Ye Fan y el Gran Perro Negro llegaron a este lugar. Su conciencia divina, vasta como un mar, exploró toda la región.

Sin embargo, el territorio de la Cordillera del Demonio de Fuego era demasiado extenso, sin límites. Las montañas áridas no tenían ni una brizna de hierba, y la vista no alcanzaba el final. Era una tierra estéril.

"En tiempos antiguos, las profundidades de la tierra albergaban un fuego divino infinito, del cual nació un Espíritu de Fuego. Él se desvió del Dao hacia la demonización, y finalmente fue aniquilado", dijo el Gran Perro Negro.

Habiendo visto en el Nido del Cuervo Dorado cómo el Despiadado hundía su ataúd en el Caos, y ahora llegando al lugar de su gloriosa batalla, el Gran Perro Negro sentía cierta melancolía.

Solo después de que un cuerpo de piedra con nueve orificios se perfeccionara podía convertirse en un Espíritu Santo, una existencia invencible bajo el cielo y sobre la tierra. Y el Despiadado había destruido a un Espíritu Santo del clan del Fuego, sin que el mundo lo supiera.

Ye Fan también sintió ondas en su corazón. De pie en este lugar histórico, observó en silencio las interminables venas muertas, maravillado por el poder de combate del Emperador Celestial de la antigüedad.

El fuego divino subterráneo parecía haberse enfriado hace mucho. Todos los volcanes estaban muertos, sin erupciones. Sin embargo, había algunas ondas extrañas que no se adherían a los copos de nieve.

"¿Dónde está la hermana Yiren?", murmuró Ye Fan, escaneando volcán tras volcán.

Aunque había innumerables leyendas, no tenía ánimo para explorarlas. Lo más urgente era rescatar a la persona, temía que Liu Yiyi sufriera algún accidente.

No sabía cuántos kilómetros había avanzado cuando, a lo lejos, aparecieron imponentes montañas, un blanco interminable. Grandes nevadas caían, y el frío intenso arrasaba.

Los volcanes extintos estaban intercalados entre cadenas montañosas nevadas, un lugar muy peculiar en la Región Central. La gente común no se aventuraba a adentrarse.

Porque el lugar donde un Espíritu Santo se había extinguido siempre daba escalofríos. Aunque no había ocurrido nada, cualquiera que llegara tenía una extraña ilusión, como si entrara en un antiguo campo de tumbas.

"Por fin has llegado..." Una voz como un alma en pena resonó en la montaña.

Ye Fan frunció el ceño. En la boca de un volcán no muy lejano, vio una puerta de luz que fluía con un poder extraño, sin saber hacia dónde conectaba.

"¿Dónde está Yiyi?"

"Todavía no está muerta." Sin ver a la persona, solo la voz, fría y despiadada, con un dejo de burla: "Ella presenciará la escena de ti arrodillado en el suelo.

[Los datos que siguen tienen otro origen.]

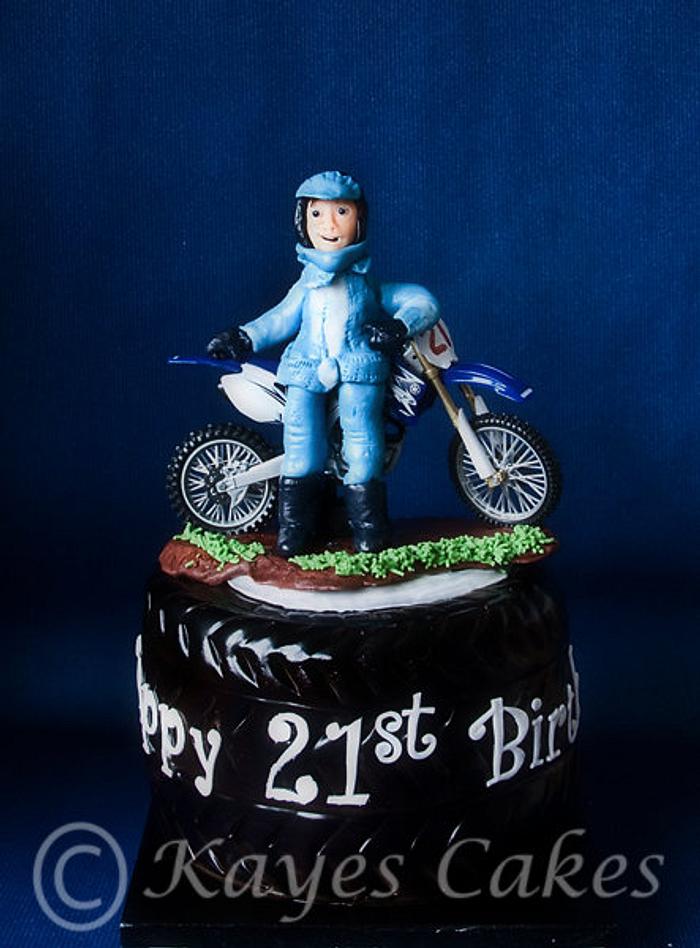 Tyre and bike 21st Birthday Cake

Entra por la Puerta Sagrada."

"¿Dices que entremos y entremos?", protestó el Gran Perro Negro, mostrando los dientes. "¡Quién sabe a qué lugar infernal conecta!"

"Si quieren salvar a la persona, ¿tienen otra opción?", dijo la voz oculta con sarcasmo.

"¡Mascota de mi mascota humana, eres demasiado arrogante!", maldijo el Emperador Negro. "Si perdemos la vida, ¿cómo vamos a rescatar a nadie? ¡Sueñas!"

La voz oculta guardó silencio un momento, luego dijo: "Esta puerta no lleva a un lugar mortal. Solo es para verificar si viniste solo."

Ye Fan no dijo mucho. Ya había notado que esta persona solo seguía órdenes, no era el verdadero autor de la trampa mortal.

Sobre la boca del volcán, la puerta de luz brillaba intensamente, como una casa dorada, como si hubiera tesoros infinitos detrás de ella.

Tan pronto como Ye Fan puso un pie, su cuerpo tembló. El Viejo Maestro Dragón Rojo, el Rey Pavo Real, el Monje Cuervo, y varios Ancianos Supremos del Estanque de Jade se manifestaron.

"¡Swish!"

Casi al mismo tiempo, aparecieron en el vacío, sin poder ocultarse, sin poder sellarse en el cuerpo de Ye Fan.

"¡Puerta de los Diez Mil Caminos!", exclamó sorprendido el Viejo Maestro Dragón Rojo. Era una puerta de vida. Una vez dentro, era casi imposible ocultarse, a menos que una figura suprema se sellara a sí misma.

La persona oculta parecía sorprendida. No esperaba que Ye Fan hubiera traído una formación tan poderosa. Si realmente peleaban, un fósil viviente saltando sería un gran desastre.

"Solo tú puedes venir. Ya que no quieres así, enviaremos a esa perra al otro mundo." La voz oculta era cruel y despiadada.

Ye Fan guardó silencio por un momento. No esperaba que el enemigo tuviera una maravilla como la Puerta de los Diez Mil Caminos. Caminó hacia adelante y dijo: "Iré solo con ustedes."

"¡Cobardes que no pueden ver la luz del día!", maldijo el Emperador Negro.

"Cambio de decisión. Que ese perro también vaya." La voz oculta se volvió feroz.

"¡Maldición, este Emperador no quiere ir!", el Gran Perro Negro saltó muy alto.

"Vamos, exploremos juntos", dijo Ye Fan.

Qué vergüenza. El Gran Perro Negro estaba deprimido. Realmente no quería ir. Sin el poder de combate del Viejo Maestro Dragón Rojo, sentía que probablemente lo matarían allí.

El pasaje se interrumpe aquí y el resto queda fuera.